Invented opportunities do not always produce good or legitimate outcomes. Prostitution, drug sales, undocumented aliens or crime in general may be opportunities for one to earn a living or to gain wealth, but that does not mean they are acceptable pursuits. These are activities on the fringe of society, not at its core. Likewise, there is a panoply of other occupations or endeavors that, while generally viewed as acceptable, are still constrained to exist in society’s margins. The food wagon is a great place for a quick lunch but it hardly offers the convenience and certainly not the luxury of a good, sit-down restaurant. Likewise, the team that shows up to mow the lawn, the subcontractor who installs a new dishwasher or the fellow hired to paint the house all provide needed services but still aren’t mainstream; they offer limited, sometimes “cut-rate” services and typically without the splashy range of features as their full-service mainstream counterparts. They are probably not legally incorporated organizations, they are just people who do needed work. The yellow pages or the local coupon mailer do not feature them; they make their contacts via word of mouth, perhaps through a friend or a friend of a friend. These dynamic subsystems may comprise facsimiles of a larger, formal economy or a broader society but, however metamorphosed, as street vendors, backroom shops, legal or illegal labor, corruption or any number of other organizations, they are not the same as organizations in the mainstream (Sassen, 2009).

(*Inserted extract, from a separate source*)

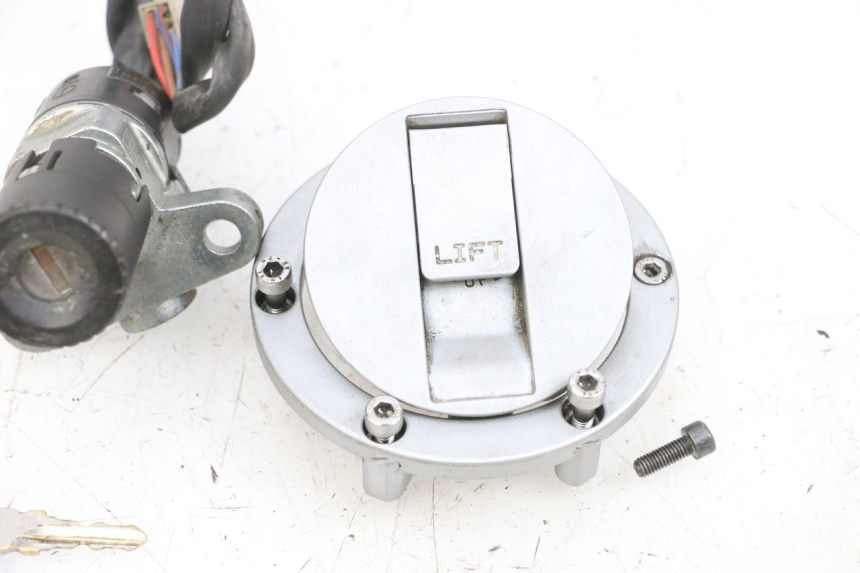 photo de NEIMAN SLOT EN SLEUTEL SET YAMAHA TZR 50 (2008 - 2016) - Gecontroleerd onderdeel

Taken at face value, these organizations are described in ways that make them seem like vanguards of a liberated mentality. Indeed, some have labeled these collectively as part of society’s informal sector (Thomas, 2001), others as informal situations (Sabatini and Farnsworth, 2006) and still others as the informal economy, a “low cost, grassroots and potentially revolutionary way to create jobs in the context of overregulated states” (Henken, 2008). However they are labeled, in the absence of grand sentiments or euphemistic titles, these organizations are motivated by more mundane pursuits than providing quality products or services. Their aim is to construct opportunities that earn money to pay the bills or at best to “get by,” to avoid taxes, dodge social security payments and generally skirt, where possible, labor laws (Andrews et al., 2011; Williams and Round, 2009; Hart, 1973, 1990).
Yet, these organizations merit study or examination for many reasons, not the least of which is that in some parts of the world they can account for nearly half of a country’s gross national product (Becker, 2004; Schneider et al., 2010). Our approach begins by conceptualizing them as existing in the margins of a greater society. To this extent they are not in the mainstream, which defines most of the organizations in a society but, rather, they operate on a society’s fringe, periphery or edges. So the state-controlled lottery or casino are mainstream organizations while the unsanctioned, online gambling or the person “running numbers” on the street corner are the marginal operations seeking stakeholders willing to risk some money in the hopes of winning more. The store selling beer, wine and liquor can find itself competing with a group operating an illegal distillery making moonshine, and the concession stand in the sports arena selling team memorabilia competes with the street vendor hawking similar but contraband items.
Our view of marginalized organizations is that they are illegal operations. The aforementioned street vendor may not need a license to sell the goods offered but the vendor is expected to collect and pay sales taxes, to adhere to labor laws and to ensure that the merchandise sold is legal and not in violation of trademark or copyright infringements. The owner of a lawn care operation may pay personal income tax while paying those who mow the lawns, rake the leaves and trim the hedges cash “under the table,” thus avoiding payroll and social security taxes. Parts of the lawn care operation are legitimate and some others are not (La Porta and Shleifer, 2008).
Organizations in the marginalized society are not necessarily set up as profit entities either. A “charitable” organization may accept donations to support its soup kitchen or “outreach” programs but may not seek classification as a particular type of for-profit or nonprofit entity. Indeed, some of these organizations are notorious for using the income they collect to support a lavish lifestyle or to provide extreme compensation for the organization’s leadership.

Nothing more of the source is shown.